À força de a querer só para si, Baltazar deforma a mulher faseadamente, transformando-a num corpo irregular marcado pela sua ira, incapaz de aplicar a sua raiva na origem do mal que o assola. O seu egotismo é aviltante, preocupado que está na ofensa à sua pessoa, olvida o eclipse gradual da mulher com quem casara. A outrora bela Ermesinda.
Baltazar abdica da sua humanidade por não a vislumbrar em si nem nos outros. Parece não se reconhecer como Homem, despojado de alma, ferido de ciúme. Ermesinda cai, vítima da sua inércia e Baltazar, aos olhos de quem o vê/lê, é bem o retrato do Homem-besta. E tudo o que lhe resta no fim do seu percurso é a vaca com que desde sempre a família fora associada. Lado a lado. O paralelo que o povo ignorante criara entre o animal e a família Serapião, materializara-se numa realidade de violência em que a redenção não tem lugar e em que o remorso desponta com a morte, com o sacrifício dos inocentes e a queda impiedosa dos culpados. O acto mais irreflectido de Baltazar é o momento da justiça possível. O castigo divino recai sobre ele na forma do vazio absoluto. A solidão.

domingo, março 02, 2008

"Porque Adoecemos?" de Darian Leader e David Corfield

Leader, Darian, Corfield, David, Porque Adoecemos? (Why do People Get Ill?), Bizâncio, Tradução de Maria Carvalho, 2007.

A doença. Eis o tema central da obra “Porque Adoecemos?” de Darian Leader e David Corfield.

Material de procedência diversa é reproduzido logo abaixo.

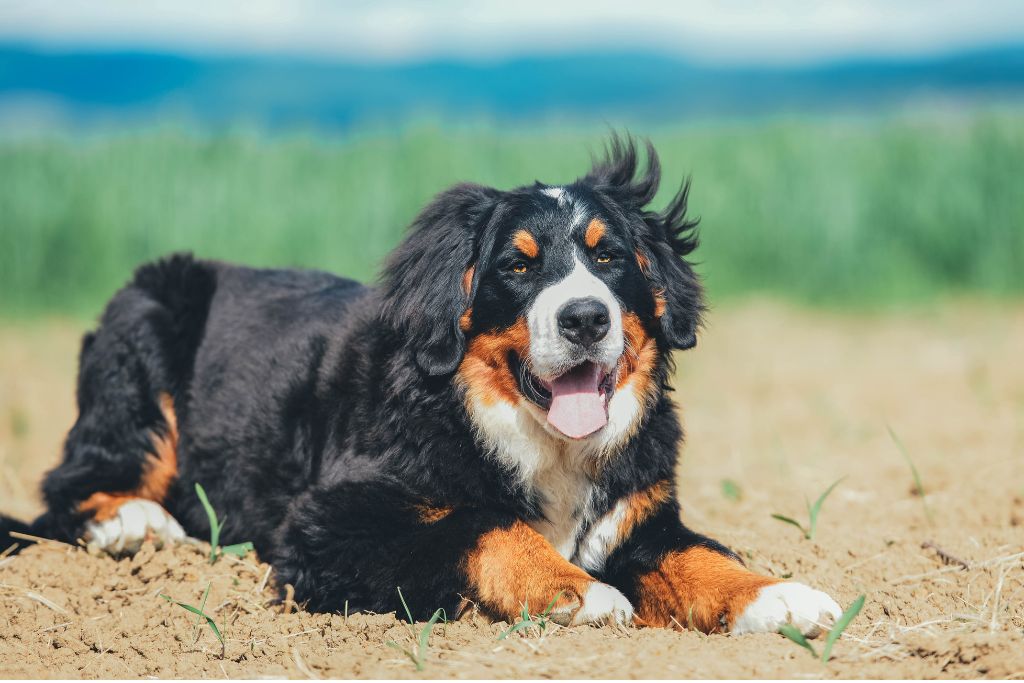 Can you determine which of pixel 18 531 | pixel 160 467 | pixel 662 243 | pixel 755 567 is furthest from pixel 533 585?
pixel 18 531

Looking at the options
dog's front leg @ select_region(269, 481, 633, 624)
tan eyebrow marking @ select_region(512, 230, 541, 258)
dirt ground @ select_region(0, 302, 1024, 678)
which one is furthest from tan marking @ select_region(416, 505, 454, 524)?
tan eyebrow marking @ select_region(512, 230, 541, 258)

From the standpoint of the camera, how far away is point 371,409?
Answer: 14.5 feet

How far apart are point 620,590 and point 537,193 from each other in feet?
5.50

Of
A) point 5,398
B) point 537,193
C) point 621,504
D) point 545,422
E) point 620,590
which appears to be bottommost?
point 5,398

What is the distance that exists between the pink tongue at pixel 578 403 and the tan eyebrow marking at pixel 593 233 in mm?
503

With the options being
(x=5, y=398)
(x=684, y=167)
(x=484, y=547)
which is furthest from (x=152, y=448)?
(x=684, y=167)

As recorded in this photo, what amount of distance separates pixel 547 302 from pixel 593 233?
1.43 feet

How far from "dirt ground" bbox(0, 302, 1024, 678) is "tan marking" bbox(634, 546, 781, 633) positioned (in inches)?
5.7

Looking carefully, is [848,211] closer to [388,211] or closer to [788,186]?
[788,186]

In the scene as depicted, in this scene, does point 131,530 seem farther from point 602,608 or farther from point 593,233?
point 593,233

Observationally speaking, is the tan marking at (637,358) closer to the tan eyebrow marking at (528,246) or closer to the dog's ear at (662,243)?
the dog's ear at (662,243)

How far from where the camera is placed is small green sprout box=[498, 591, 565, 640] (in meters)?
3.70

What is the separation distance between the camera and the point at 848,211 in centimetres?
1586

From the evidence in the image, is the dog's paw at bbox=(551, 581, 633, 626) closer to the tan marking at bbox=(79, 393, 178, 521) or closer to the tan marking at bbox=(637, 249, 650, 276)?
the tan marking at bbox=(637, 249, 650, 276) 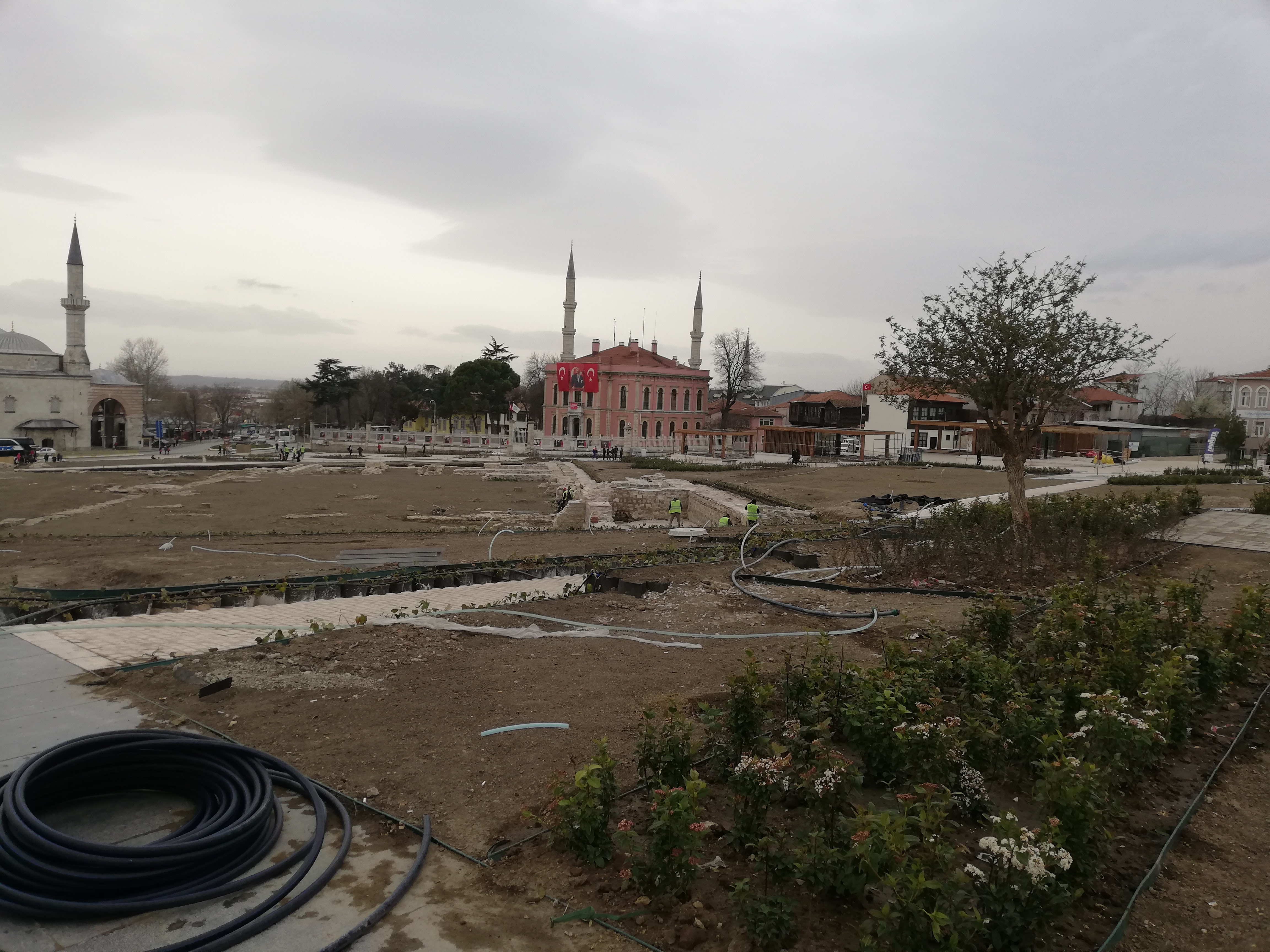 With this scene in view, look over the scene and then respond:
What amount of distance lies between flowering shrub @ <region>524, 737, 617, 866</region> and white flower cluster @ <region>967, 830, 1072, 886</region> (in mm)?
1584

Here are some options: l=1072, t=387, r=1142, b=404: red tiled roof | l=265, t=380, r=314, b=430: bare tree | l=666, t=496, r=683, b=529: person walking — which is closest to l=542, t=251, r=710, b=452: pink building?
l=1072, t=387, r=1142, b=404: red tiled roof

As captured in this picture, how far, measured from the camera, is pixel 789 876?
3.24 m

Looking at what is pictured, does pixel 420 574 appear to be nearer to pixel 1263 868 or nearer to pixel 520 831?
pixel 520 831

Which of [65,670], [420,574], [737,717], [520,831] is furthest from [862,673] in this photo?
[420,574]

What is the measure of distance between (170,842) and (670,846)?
2.22 m

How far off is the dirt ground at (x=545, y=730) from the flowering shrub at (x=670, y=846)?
0.10 m

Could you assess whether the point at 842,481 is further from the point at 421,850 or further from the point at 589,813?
the point at 421,850

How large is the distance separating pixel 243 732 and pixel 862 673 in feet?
13.9

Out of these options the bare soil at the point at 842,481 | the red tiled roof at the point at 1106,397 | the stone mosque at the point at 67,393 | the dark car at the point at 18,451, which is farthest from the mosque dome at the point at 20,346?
the red tiled roof at the point at 1106,397

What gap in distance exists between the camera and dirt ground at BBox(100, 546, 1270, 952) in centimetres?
324

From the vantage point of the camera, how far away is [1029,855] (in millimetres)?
2746

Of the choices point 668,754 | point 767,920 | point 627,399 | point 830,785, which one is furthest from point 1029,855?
point 627,399

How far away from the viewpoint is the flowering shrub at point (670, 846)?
3.15 metres

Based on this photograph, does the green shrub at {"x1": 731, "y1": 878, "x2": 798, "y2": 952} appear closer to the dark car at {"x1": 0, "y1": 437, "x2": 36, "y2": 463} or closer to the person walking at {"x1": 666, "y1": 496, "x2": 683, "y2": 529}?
the person walking at {"x1": 666, "y1": 496, "x2": 683, "y2": 529}
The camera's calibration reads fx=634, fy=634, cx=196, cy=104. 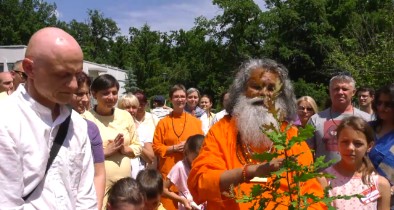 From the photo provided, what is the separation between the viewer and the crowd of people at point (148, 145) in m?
2.56

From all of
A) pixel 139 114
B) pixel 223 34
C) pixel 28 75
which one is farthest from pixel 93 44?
pixel 28 75

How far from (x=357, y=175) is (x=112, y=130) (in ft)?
6.95

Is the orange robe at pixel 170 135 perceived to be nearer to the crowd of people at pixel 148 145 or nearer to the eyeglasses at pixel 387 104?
the crowd of people at pixel 148 145

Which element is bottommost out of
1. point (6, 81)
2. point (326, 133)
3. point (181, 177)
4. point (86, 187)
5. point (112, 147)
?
point (181, 177)

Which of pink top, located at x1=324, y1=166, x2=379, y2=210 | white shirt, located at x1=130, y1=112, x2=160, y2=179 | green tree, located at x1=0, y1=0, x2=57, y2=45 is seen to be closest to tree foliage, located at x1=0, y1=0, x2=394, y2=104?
green tree, located at x1=0, y1=0, x2=57, y2=45

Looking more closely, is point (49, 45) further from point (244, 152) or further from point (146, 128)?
point (146, 128)

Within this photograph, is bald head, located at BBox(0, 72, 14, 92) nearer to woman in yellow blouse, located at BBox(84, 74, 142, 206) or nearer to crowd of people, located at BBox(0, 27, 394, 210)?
crowd of people, located at BBox(0, 27, 394, 210)

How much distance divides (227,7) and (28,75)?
48903 millimetres

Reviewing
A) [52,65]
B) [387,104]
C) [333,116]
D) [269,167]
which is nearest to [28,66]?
[52,65]

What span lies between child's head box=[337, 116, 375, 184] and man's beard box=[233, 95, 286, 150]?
96 centimetres

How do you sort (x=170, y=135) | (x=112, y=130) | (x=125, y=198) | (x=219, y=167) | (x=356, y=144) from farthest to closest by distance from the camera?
(x=170, y=135)
(x=112, y=130)
(x=356, y=144)
(x=125, y=198)
(x=219, y=167)

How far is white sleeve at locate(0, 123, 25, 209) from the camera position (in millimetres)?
2453

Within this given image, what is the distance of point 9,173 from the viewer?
2.46 m

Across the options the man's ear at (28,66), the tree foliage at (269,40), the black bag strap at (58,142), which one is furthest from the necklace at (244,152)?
the tree foliage at (269,40) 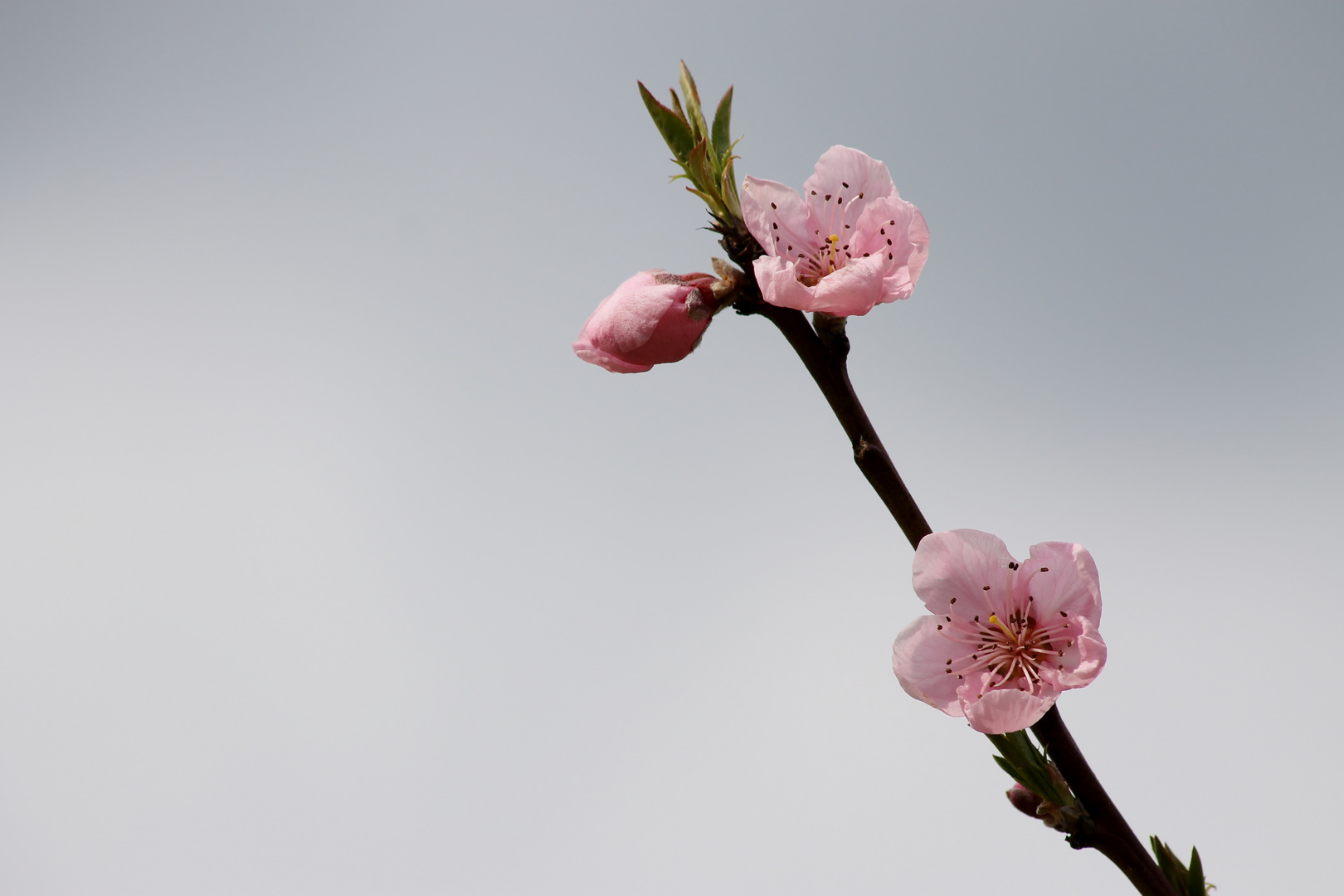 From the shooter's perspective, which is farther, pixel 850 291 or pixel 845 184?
pixel 845 184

Contudo, apesar da seriedade que o assunto analisado abarca, este é um livro escrito de forma acessível, sem recorrer a linguagem apenas compreensível por profissionais da área da saúde, tornando-se, como tal, numa leitura suficientemente inteligível para todos.
Trata-se de um estudo ou, melhor dizendo, uma amálgama de reflexões cientificamente fundamentadas que apontam, não tanto para conclusões peremptórias unilaterais, mas para considerações de elevado interesse sobre as várias causas que se escondem por trás das mais diversas doenças, sempre apresentando exemplos de casos reais. Os autores insistem sobretudo nas motivações psicológicas que originam inúmeros tipos de doenças, ou seja, para além das questões genéticas e ambientais e da predisposição natural, existem factores psicológicos, muitas vezes inconscientes, enterrados no lugar mais escuro e profundo do nosso Ser que, mediante algumas técnicas da psicanálise, são passíveis de ser descobertos, contribuindo para uma leitura mais abrangente e sólida do problema físico que aflige um determinado sujeito.
A impessoalidade que muitos doentes pressentem por parte da medicina convencional, tem arrastado grandes massas a experimentar medicinas alternativas. O distanciamento crescente da relação médico/doente, a par dos frios excessos burocráticos, conduzem os pacientes a buscar opções mais humanizadas, sobretudo, buscam não só a cura como procuram ser ouvidos.
A desumanização da classe médica é focada nesta obra que salienta, acima de tudo, os traumas, pressões e estilos de vida presentes no subconsciente de todos, revelando-se apenas em alguns e despoletando a doença, ocasionalmente, em outros.
Um livro de interesse para todos os que procuram perceber as complexas e misteriosas relações entre corpo e mente.